A trak-ball controls the player’s ship, resulting in exceptionally smooth and fluid movement. A fire button is positioned to either side of the trak-ball, for “lefties” and “righties”, and a diamond shaped button (actually a standard square button mounted at an angle so as to appear as a diamond) is located above the trak-ball. This is the “rotate cube” button, which randomly moves the plane that your spaceship is on while on the map screen. It’s an interesting gimmick, because the rotating plane may end up positioning you much closer to the treasure (bypassing some Guardian cubes along the way), or it may move you farther away. The player has no control in what direction the plane will rotate, and it can only be used once per map screen visit. Due to the uncertain results, I tend to use the feature only sporadically.

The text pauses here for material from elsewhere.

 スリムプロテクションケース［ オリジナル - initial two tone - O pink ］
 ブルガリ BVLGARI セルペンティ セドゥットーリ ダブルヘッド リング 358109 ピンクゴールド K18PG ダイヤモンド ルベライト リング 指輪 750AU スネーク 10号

Now let’s turn our attention the real star of the game, the laserdisc visuals, which are used to create the tunnels that the player’s ship travels through. The sales flyer claims fifty-four different backdrop images exist, and although I haven’t seen all of them, I’ve seen images as diverse as volcanic tunnels, jungle foliage, rock caverns, whimsical champagne bubbles, tilting hotel hallways, flying ghostly skulls, Tron-like circuit boards (which is no coincidence, as you’ll read later…), formulas from DaVinci’s notebooks, and swarms of ominous snakes & lizards, bearing their fangs at the player in anger. Each tunnel provides a new and mesmerizing image to distract and delight the player.
The player’s ship, enemies, Guardian Cubes and rings, remaining lives, and score table, are standard computer generated graphics overlaid on the laserdisc’s images. A similar effect was used in games like Gottlieb’s MACH 3, Data East’s Bega’s Battle, and Midway’s Astron Belt, among others, and like those titles, the Cube Quest player never actually interacts with the laserdisc backdrop.
Cube Quest’s outstanding laserdisc visuals were the creation of Robert Abel and Associates, a famous and award-winning production firm that specialized in computer-animated effects. RA&A’s groundbreaking work was enjoyed in motion pictures including Tron, and Disney’s The Black Hole, in addition to several brilliant “photo-fusion” style TV commercials for products and companies like 7-Up, Jovan cologne, Levi’s jeans, Dow Scrubbing Bubbles, and AT&T. They also created the opening sequence to Steven Speilberg’s “Amazing Stories” series, ident animation for Columbia Pictures and ABC, and the effects in the music video for the Jacksons’ 1980 hit single “Can You Feel It”. Quite the impressive resume to be sure! RA&A’s work is characterized by fluid animation, bright colors, and sharp definition, and the laserdisc imagery of Cube Quest is no exception to their already high standards of quality.
Even the attract mode is noteworthy, as it plays like a motion picture trailer. It begins with an ominous series of descending notes as the Simutrek logo swirls on the screen, fades out, and is replaced with a group of tumbling wire frame cubes, spelling out CUBE QUEST via the highlighted edges of their faces.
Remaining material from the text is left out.